Exemple 4 : ‘Adhan. Egypte. Gestuelle. Structure. Hauteur finale
Enregistré au Maroc, le second ‘adhan, d’une durée de 2 minutes 8 secondes, propose un ensemble de 13 djoumla. Même principe de notation que pour l’adhan précédent.
Exemple 5 : ‘Adhan. Maroc
On note, sur l’aspect de la mélodie, l’ensemble des hauteurs parcourues ainsi que la structure de ce second ‘adhan. L’échelle de référence est, ici encore, l’échelle heptatonique, mais la structure profonde de la ligne mélodique est de nature tritonique : Ton- Quarte : T-4. On met en évidence le mouvement de « bascule »
qu’effectue, tout au long de la mélodie, la gestuelle de la quarte : appuyée sur sa hauteur la plus aigüe —ici, le son générateur lui-‐ même—celle-‐ci bascule invariablement vers sa hauteur inférieure, le ré, finale de l’adhan.
Exemple 6 : ‘Adhan. Maroc. Gestuelle. Structure. Hauteur finale
Enregistré en Tunisie, le troisième ‘adhan propose une série de treize djoumla. La durée totale de l’appel est de 1 minute, 35 secondes.
Exemple 7 : ‘Adhan. Tunisie
En dépit de la très brève et intermittente appogiature du la, par un si particulièrement bref, cet ‘adhan tunisien accuse une structure ré-sol-la, soit quarte–ton : 4 - T. Si l’échelle de référence est, ici, l’échelle pentatonique, la structure est essentiellement
tritonique. Le ré, hauteur d’appui de la quinte structurelle, bascule constamment vers le la, même dans le geste terminal.
Exemple 8 : ‘Adhan. Tunisie. Gestuelle. Structure. Hauteur finale
Enregistré à La Mecque, le quatrième ‘adhan propose douze djoumla ; sa durée totale est de 2 minutes 55 secondes.
Exemple 9 : ‘Adhan. La Mecque
En notant, sur l’aspect de la mélodie, l’ensemble des hauteurs parcourues, on met en évidence la structure profonde de ce dernier ‘adhan ré-mi-sol-la, soit : ton, trihémiton et ton : T-3-T. Malgré le balayage passager du fa, l’échelle de référence demeure, ici, essentiellement tétratonique.
Exemple 10 : ‘Adhan.
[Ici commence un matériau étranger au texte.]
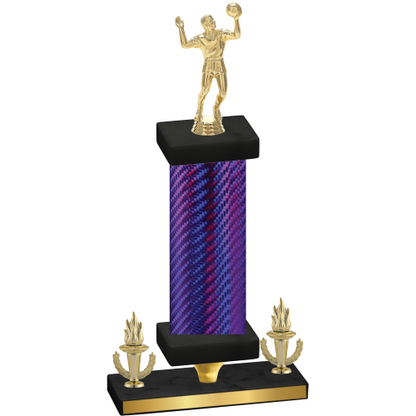 Premium Single Purple Carbon Fiber Victory Volleyball Trophy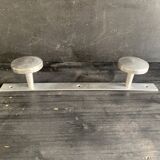 Aluminium Art Deco towel rack and wall hooks, 1940.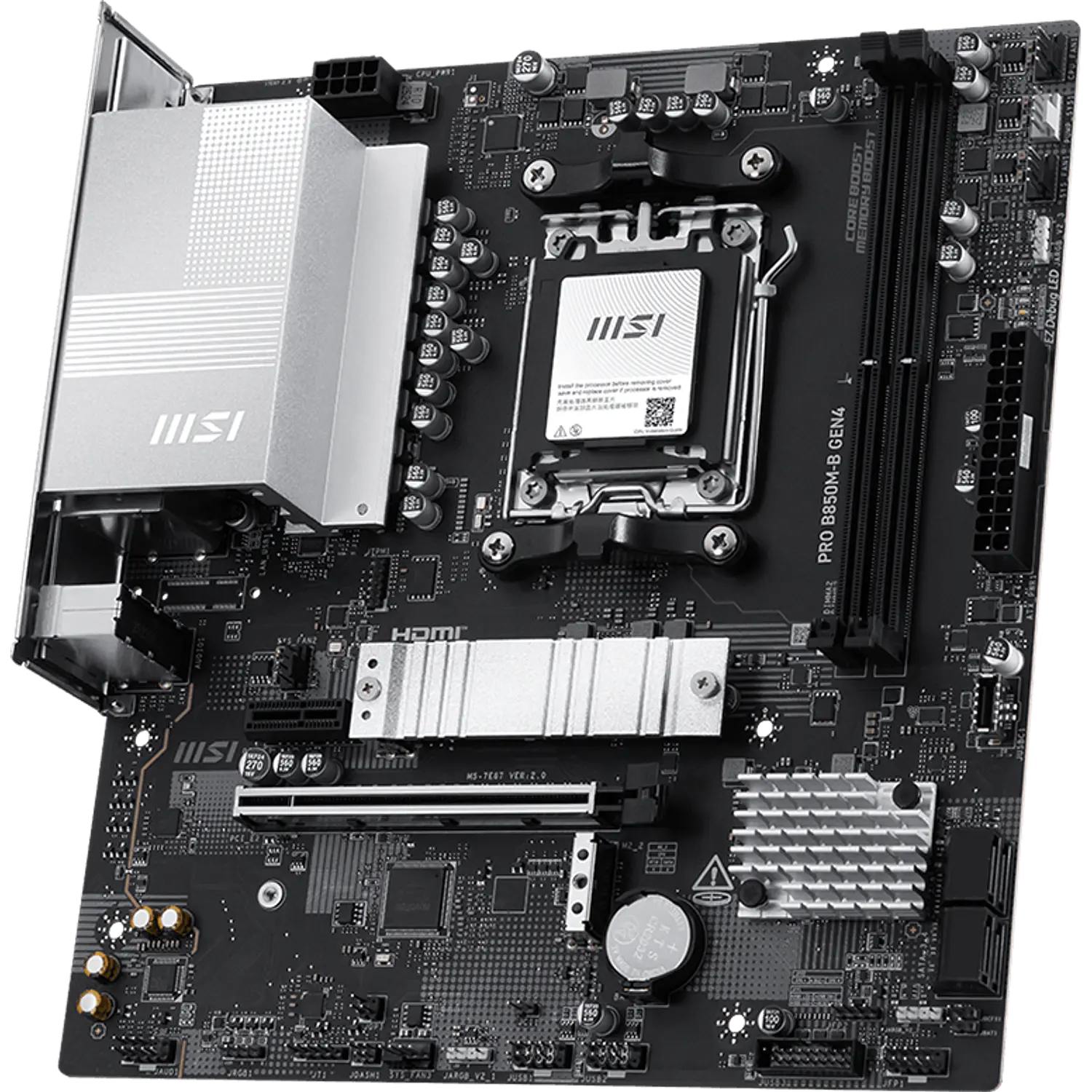 MSI PRO B850M-B GEN4, Placa Madre Micro-ATX AM5, AMD B850, DDR5 128GB, M.2 PCIe 5.0, LAN 2.5G 3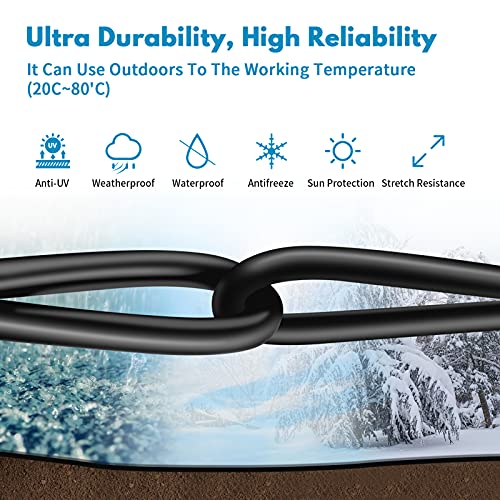 Vabogu Cat 8 Ethernet Cable 50FT, Heavy Duty 26AWG High Speed 40Gbps 2000MHz, Gold Plated RJ45 Shielded, Weatherproof Indoor & Outdoor LAN Cable for Gaming PC PS5 Xbox Modem Router - size: 50FT-CAT8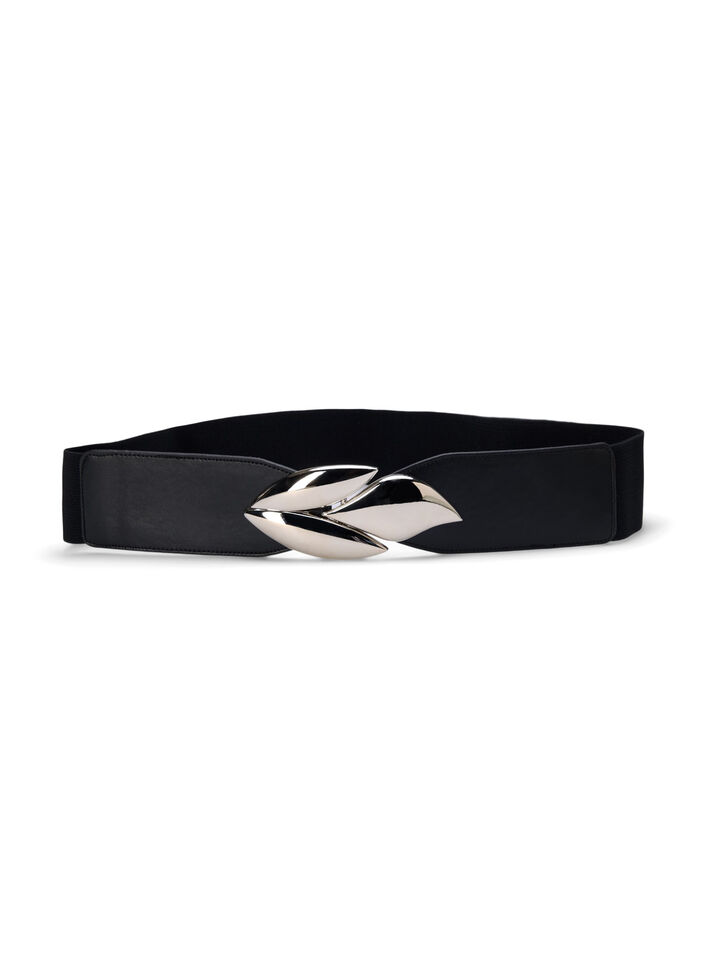 Ceinture élastique avec boucle argentée, Black Silver Buckle, Packshot image number 0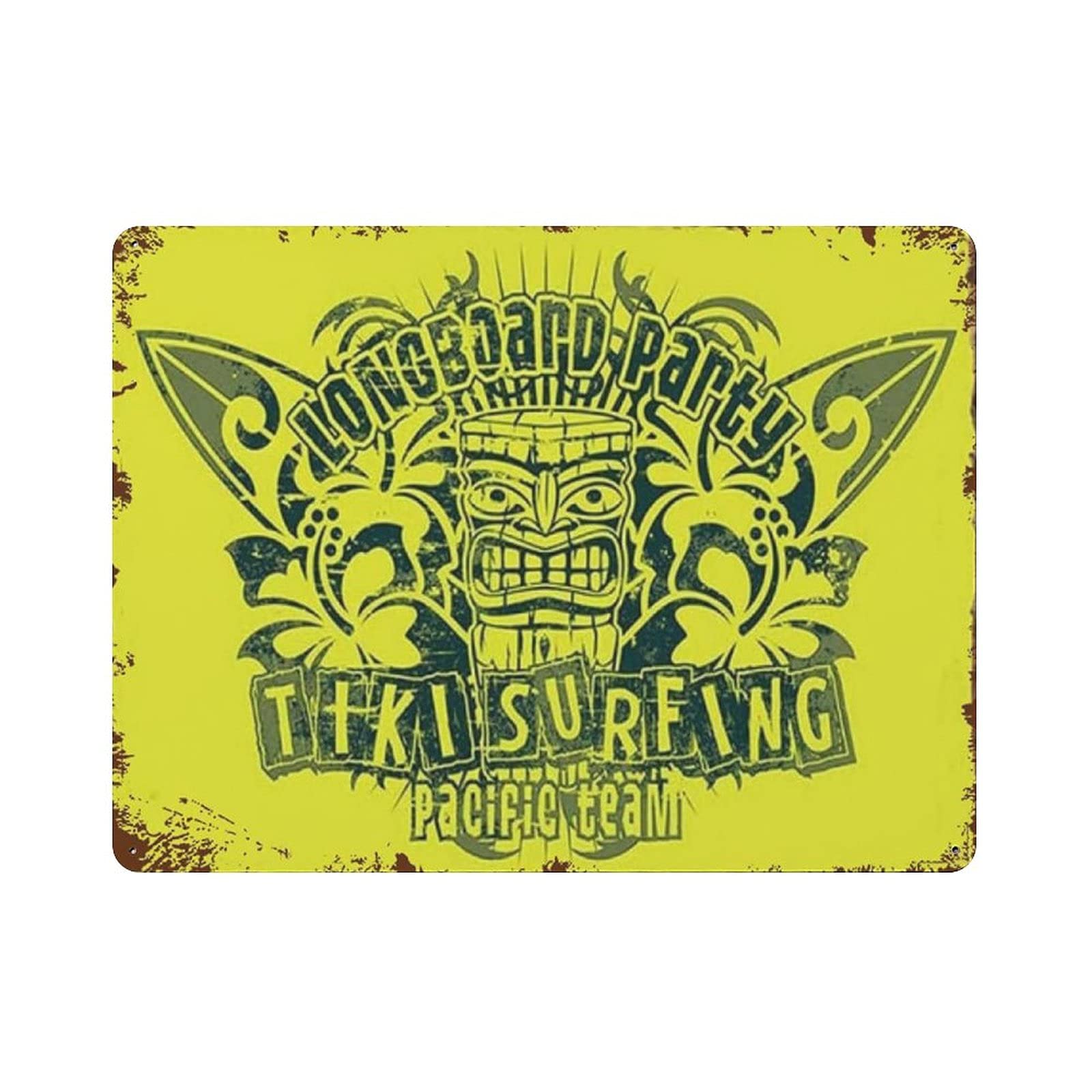rayprint Tiki Surfing Party Poster Resort Bar Tin Sign Metal Plaque Art Hanging Iron Painting Retro Home Kitchen Garden Garage Wall Decor 12"x16"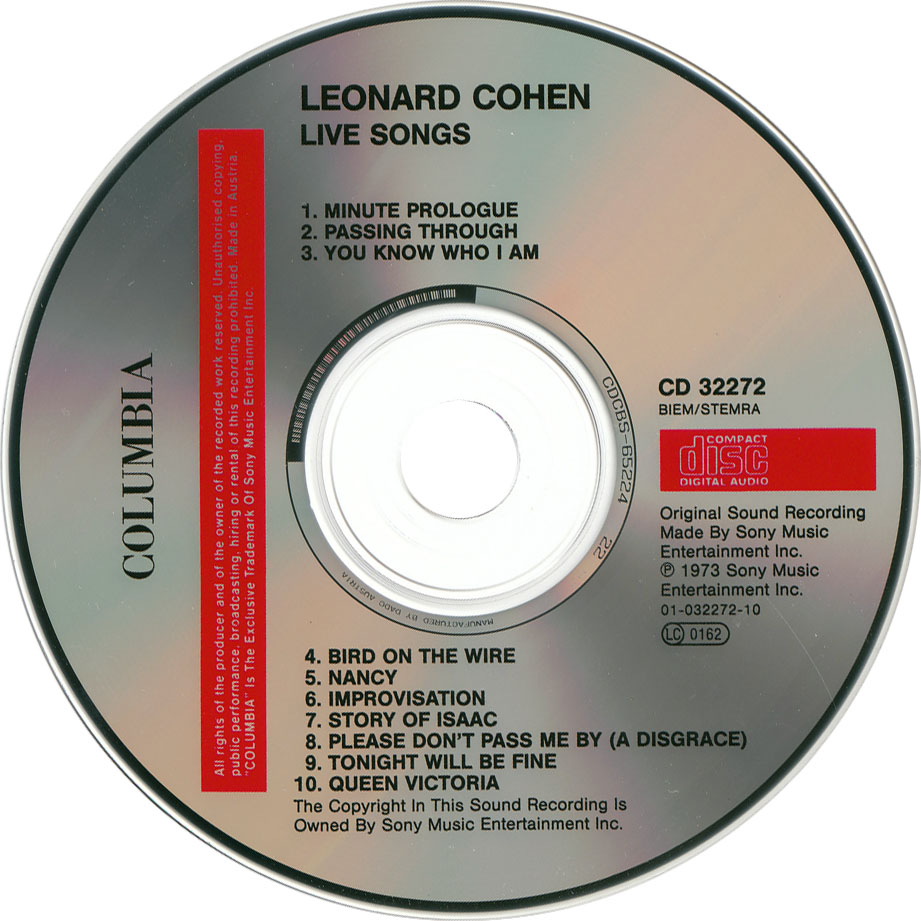 Cartula Cd de Leonard Cohen - Live Songs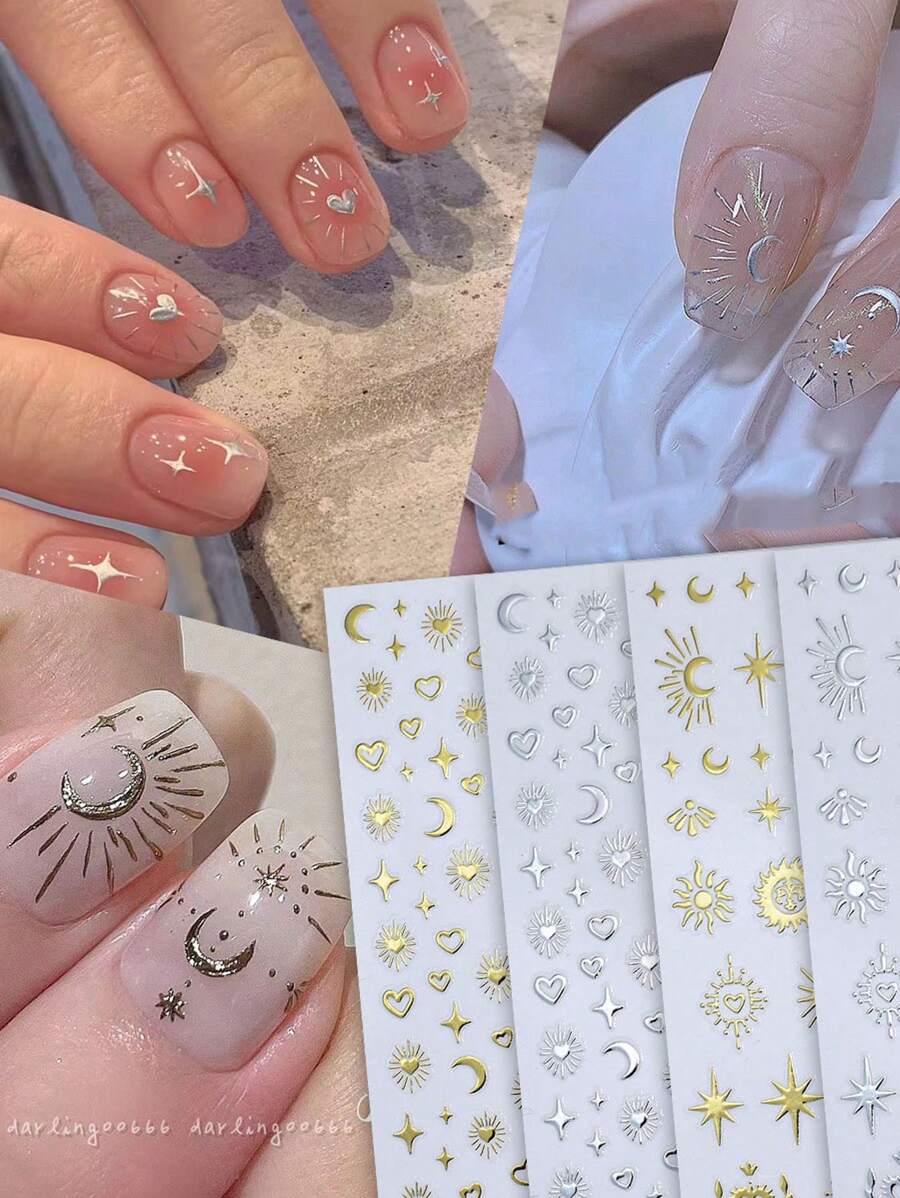 6 Sheets Bohemian Theme Nail Art Stickers With Star, Moon, Pattern And Heart Shape DIY Nails Nail Supplies - Multicolor - View 1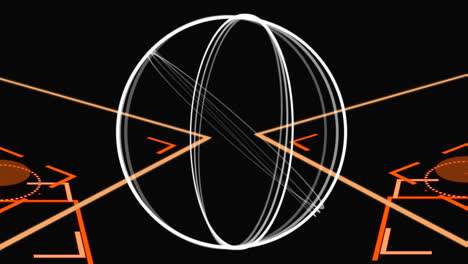 animation of scopes scanning and orange markers recording over black background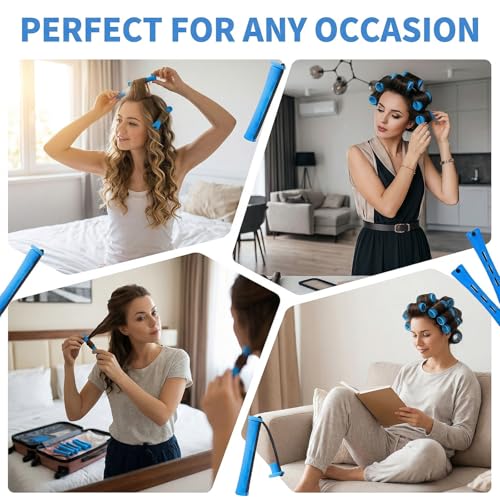 20 Pcs Blue Plastic Perm Rods for Hair Curling - 0.35 Inch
La Mecque. Gestuelle. Structure. Hauteur finale
On dispose ensuite, en paradigme et autour du son générateur, les aspects des quatre ‘adhan ainsi analysés, en notant leur structure et leur mouvance mélodique.
Exemple 11 : Structures des ‘adhan en paradigme
On est alors conduit à soutenir que l’Appel à la prière, tout en maintenant ses points d’appui sur des hauteurs relativement stables, permet une grande liberté dans l’expression vocale. La référence aux échelles qu’engendre l’Ordre Mélodique —selon l’expression de Jacques Chailley—montre à l’évidence que
al’adhan n’est en rien redevable au maqâm. Celui-‐ci, en effet,
fonctionne en référence à un système de tricordes et de tétracordes dont les hauteurs, précises et subtilement réparties
selon différents « genres », sont fortement liées à la pratique instrumentale. Al’adhan, au contraire, toujours confié à la voix humaine, s’exprime en parcourant une ligne mélodique hiérarchisée. Ses hauteurs, constamment fluctuantes, s’appuient sur les mouvements naturels et séculaires de quinte et de quarte dont le rôle est à la fois structurel et moteur. Al’adhan demeure ainsi dans le sillage de la majorité des chants « à voix nue » qu’il est actuellement possible d’entendre, enregistrer, noter et analyser. Je vous remercie.